(Extracted data begins)
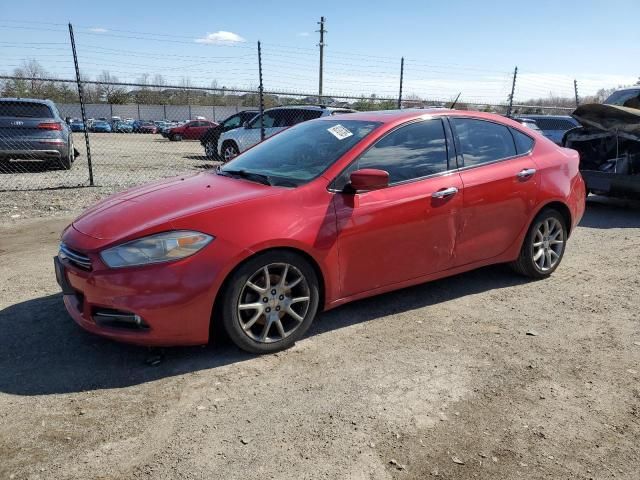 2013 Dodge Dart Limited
(Extracted data ends)
(Extracted data begins)
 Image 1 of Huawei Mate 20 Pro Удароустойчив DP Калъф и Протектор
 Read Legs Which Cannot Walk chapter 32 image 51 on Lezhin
(Extracted data ends)
- Problem requirements:
Please make an exact copy of the lines above from the line with "Image 1 of Huawei" through the line with "Read Legs Which", both ends included.

- Written answer:
 Image 1 of Huawei Mate 20 Pro Удароустойчив DP Калъф и Протектор
 Read Legs Which Cannot Walk chapter 32 image 51 on Lezhin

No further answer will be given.